Lessons from lockdown for (anti-)alcohol policy
According to contemporary ‘public health’ ideology, harmful drinking is the result of ‘commercial determinants’, especially advertising, affordability and availability. If you clamp down on those then alcohol consumption will decline, and if alcohol consumption declines then harmful drinking will decline because – as the influential epidemiologist Geoffrey Rose put it…
“… from the average alcohol intake of a population one can predict precisely the number of heavy drinkers. It is therefore likely to follow that changes in average consumption will lead to corresponding changes in the prevalence of alcoholism and in alcohol-related health problems.”
The World Health Organization says that the three ‘best buys’ when it comes to reducing alcohol-related harm are raising prices with taxes and minimum pricing, banning or restricting alcohol advertising and restricting the availability of alcohol sales through tougher licensing laws. There is mounting evidence that minimum pricing does not work, but what about restricting advertising and availability?
The COVID-19 lockdowns provided an extreme test case. In March 2020, the number of licensed premises open in the UK fell by two-thirds and spending on alcohol advertising fell by half. According to ‘public health’ theory, we should have seen a sharp decline in consumption and an equally sharp decline in alcohol-related mortality.
In fact, as I show in the report, we saw a small decline in consumption and a large increase in the number of alcohol-related deaths. From this, we might conclude that harmful drinking is not driven by commercial factors or by a lack of regulation, but by personal circumstances, hardship and stress. One reason for the rise in alcohol-related deaths in 2020 is the sharp decline in face-to-face support for alcoholics and the lack of in-patient detox. This only serves to underline the point that helping the minority of problem drinkers is more effective than policies aimed at the whole population.

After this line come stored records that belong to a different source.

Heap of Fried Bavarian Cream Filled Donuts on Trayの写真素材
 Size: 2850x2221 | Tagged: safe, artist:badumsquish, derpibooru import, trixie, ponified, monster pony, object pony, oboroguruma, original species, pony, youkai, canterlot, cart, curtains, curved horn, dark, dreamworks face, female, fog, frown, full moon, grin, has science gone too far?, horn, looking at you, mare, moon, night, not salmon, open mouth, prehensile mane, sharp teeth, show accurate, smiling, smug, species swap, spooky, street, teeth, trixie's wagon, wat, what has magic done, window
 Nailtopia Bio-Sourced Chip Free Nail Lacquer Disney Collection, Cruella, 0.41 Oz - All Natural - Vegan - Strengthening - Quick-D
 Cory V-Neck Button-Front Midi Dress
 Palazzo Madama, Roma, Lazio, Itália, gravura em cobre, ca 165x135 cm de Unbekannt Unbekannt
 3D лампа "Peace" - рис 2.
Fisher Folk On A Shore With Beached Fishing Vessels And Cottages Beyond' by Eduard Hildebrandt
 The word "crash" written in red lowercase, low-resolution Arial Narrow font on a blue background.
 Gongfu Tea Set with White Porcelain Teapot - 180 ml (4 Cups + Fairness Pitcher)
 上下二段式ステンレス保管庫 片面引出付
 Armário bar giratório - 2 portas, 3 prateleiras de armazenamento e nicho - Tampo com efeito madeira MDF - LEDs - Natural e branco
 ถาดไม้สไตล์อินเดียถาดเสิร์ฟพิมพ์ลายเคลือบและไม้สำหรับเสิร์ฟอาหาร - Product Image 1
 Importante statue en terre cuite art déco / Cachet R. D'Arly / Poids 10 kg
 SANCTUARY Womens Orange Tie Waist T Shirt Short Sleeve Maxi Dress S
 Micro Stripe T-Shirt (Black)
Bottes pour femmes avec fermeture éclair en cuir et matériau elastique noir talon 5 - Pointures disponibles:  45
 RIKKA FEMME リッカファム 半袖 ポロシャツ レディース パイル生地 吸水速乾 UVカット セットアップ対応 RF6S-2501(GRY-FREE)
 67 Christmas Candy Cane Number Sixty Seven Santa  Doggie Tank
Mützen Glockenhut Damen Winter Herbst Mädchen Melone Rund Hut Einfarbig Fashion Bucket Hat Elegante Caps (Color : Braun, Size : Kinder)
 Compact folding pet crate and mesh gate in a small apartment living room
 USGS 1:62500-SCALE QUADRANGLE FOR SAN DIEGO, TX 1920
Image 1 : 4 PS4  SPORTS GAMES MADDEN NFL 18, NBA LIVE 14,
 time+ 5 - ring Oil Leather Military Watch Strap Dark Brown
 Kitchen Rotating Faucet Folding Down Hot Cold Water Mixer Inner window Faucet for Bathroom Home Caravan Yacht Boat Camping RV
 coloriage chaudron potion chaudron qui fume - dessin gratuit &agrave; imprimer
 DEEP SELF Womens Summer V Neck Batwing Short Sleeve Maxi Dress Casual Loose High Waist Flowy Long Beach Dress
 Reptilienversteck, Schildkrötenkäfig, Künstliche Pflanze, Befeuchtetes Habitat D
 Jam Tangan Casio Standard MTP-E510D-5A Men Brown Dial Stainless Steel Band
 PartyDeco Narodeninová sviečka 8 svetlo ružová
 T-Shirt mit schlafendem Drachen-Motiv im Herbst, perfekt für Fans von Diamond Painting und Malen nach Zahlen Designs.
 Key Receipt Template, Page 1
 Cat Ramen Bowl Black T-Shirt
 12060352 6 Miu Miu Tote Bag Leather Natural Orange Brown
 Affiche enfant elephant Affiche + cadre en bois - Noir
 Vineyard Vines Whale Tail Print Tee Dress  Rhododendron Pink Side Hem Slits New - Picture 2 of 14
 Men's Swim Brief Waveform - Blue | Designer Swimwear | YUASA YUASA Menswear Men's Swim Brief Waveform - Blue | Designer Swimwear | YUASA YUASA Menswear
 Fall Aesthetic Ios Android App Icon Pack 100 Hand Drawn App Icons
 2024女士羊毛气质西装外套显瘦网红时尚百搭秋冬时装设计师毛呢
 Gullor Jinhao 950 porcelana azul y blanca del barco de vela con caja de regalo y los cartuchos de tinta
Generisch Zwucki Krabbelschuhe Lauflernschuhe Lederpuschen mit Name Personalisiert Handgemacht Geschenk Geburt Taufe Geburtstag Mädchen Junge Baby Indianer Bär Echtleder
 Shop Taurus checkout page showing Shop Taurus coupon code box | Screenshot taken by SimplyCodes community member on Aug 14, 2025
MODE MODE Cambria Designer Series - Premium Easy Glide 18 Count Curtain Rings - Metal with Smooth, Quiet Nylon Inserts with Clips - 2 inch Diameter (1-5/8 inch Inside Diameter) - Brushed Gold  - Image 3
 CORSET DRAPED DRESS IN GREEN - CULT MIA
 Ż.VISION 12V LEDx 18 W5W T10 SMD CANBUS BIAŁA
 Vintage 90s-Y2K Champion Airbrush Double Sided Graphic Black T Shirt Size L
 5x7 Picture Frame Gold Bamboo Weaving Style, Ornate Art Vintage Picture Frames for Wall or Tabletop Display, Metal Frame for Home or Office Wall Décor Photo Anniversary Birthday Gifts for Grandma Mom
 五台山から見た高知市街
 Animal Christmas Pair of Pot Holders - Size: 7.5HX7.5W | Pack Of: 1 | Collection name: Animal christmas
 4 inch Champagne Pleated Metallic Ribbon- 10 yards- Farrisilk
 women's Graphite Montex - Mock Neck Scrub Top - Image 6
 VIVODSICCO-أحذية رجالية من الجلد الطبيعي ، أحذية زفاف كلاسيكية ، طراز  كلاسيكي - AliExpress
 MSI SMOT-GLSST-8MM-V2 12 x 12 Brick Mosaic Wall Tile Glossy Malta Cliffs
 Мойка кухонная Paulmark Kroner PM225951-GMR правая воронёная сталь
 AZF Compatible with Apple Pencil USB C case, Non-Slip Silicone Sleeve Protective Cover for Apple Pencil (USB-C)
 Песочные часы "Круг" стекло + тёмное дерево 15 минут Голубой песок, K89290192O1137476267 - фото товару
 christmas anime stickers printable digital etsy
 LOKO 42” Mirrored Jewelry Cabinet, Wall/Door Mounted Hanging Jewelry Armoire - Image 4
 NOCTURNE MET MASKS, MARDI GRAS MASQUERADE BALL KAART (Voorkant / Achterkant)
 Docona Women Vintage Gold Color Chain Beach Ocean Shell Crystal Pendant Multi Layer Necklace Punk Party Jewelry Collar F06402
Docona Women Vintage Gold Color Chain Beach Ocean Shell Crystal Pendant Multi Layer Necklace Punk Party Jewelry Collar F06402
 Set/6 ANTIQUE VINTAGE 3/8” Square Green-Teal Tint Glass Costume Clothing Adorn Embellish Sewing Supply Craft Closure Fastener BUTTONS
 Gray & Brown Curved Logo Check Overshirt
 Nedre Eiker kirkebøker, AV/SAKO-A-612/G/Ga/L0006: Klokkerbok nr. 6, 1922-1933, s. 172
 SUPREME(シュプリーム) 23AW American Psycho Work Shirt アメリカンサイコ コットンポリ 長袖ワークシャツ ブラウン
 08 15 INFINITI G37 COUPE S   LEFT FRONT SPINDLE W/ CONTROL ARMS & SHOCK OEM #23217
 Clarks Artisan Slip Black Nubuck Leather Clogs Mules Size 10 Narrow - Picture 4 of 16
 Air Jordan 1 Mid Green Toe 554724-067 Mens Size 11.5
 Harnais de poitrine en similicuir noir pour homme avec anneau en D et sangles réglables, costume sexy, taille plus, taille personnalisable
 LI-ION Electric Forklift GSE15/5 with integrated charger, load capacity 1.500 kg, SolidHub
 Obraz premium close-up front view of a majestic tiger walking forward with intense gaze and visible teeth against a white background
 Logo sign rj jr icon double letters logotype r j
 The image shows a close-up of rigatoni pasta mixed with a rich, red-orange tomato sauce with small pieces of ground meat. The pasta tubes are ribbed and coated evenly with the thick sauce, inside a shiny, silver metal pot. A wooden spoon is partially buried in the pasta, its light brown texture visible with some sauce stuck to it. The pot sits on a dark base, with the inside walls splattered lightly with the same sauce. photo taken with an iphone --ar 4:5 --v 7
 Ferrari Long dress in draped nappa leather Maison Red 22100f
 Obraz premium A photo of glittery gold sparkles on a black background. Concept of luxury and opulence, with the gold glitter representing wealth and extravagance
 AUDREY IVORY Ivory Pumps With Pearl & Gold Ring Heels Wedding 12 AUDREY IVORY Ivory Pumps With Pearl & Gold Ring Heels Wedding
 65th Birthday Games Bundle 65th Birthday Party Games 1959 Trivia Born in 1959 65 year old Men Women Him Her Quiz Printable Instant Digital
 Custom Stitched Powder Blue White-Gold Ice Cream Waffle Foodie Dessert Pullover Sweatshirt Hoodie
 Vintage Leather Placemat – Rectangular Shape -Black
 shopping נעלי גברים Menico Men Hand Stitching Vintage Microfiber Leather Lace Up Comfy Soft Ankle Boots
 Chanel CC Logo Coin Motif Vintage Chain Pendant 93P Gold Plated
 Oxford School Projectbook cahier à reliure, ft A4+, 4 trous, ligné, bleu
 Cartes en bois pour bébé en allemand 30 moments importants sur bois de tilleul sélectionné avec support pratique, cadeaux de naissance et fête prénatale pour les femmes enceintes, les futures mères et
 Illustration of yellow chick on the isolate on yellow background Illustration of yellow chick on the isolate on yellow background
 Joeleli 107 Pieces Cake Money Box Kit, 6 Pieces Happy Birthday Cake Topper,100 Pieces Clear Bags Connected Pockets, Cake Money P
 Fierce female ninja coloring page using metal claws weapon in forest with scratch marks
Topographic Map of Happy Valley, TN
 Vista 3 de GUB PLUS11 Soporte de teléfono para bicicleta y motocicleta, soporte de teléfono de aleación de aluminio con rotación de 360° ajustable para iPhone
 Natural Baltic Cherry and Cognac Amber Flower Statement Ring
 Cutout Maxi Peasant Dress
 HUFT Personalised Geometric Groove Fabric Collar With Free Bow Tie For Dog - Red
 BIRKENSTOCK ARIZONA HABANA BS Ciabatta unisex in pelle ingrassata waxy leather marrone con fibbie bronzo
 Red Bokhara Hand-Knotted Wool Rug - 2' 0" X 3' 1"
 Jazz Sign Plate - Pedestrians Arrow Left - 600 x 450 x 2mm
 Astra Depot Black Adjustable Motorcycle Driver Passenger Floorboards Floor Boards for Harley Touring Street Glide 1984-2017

Tackling harmful drinking requires focusing on harmful drinkers rather than on the whole population. We need to get away from the simplistic and peculiar theories of ‘public health’ academics and focus on what works. Moving away from the whole population approach and targeting support at those who need it would not only be of greater benefit to those who are vulnerable. It would also benefit the majority of drinkers who do not drink at harmful levels but who nonetheless incur the costs of high taxes and unnecessary regulations.